I am not admitted to practice in California, I do not know whether your tenant formerly had a dog, whether your city or state have "pet laws" and I am not certain whether Section 8 "voucher" leases work the same way they do in New York City. You did not mention whether any member of the tenant's household was disabled or if this was a "service" dog.
Generally, the total rent does not change during the effective period of Section 8 leases. This is true regardless of whether an extra person moves in, or even a dog. Thus, you would not be able to legally increase the rent if the tenants took in a dog. Further, I would be surprised if Section 8 would give a "pet" increase when it comes time to renew the lease.

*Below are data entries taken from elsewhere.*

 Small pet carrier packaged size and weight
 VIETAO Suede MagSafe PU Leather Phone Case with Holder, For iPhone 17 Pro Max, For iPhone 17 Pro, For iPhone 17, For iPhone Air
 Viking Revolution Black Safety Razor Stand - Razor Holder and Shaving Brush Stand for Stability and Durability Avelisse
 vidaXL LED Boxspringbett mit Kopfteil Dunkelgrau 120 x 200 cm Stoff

It sounds as though you are more concerned with collecting a rent increase than protecting your apartment from dog odors, etc. However, the tenant's actions appear to violate your lease. This provides you with a basis to evict them in court after giving them a chance to "cure" the violation. In some jurisdictions with a "pet law," such as New York City, the landlord must seek eviction within a reasonable time after learning about the pet, or else give up the right to do so later.
Local rent control laws may result in a similar "waiver" if action is not taken quickly.
The language and delivery of these notices can be tricky. You should consult with a lawyer in your jurisdiction about the procedure for enforcing the "no pet" provisions of your lease.
I agree with my colleague. The bottom line is that, from what you post, they are breaking the lease, so you will need to decide how you want to handle it. I would imagine though that if the housing authority found out that the tenant was paying you under the table for the dog, both of you could be in trouble. You should consult a local attorney who is familiar with Section 8 housing for guidance.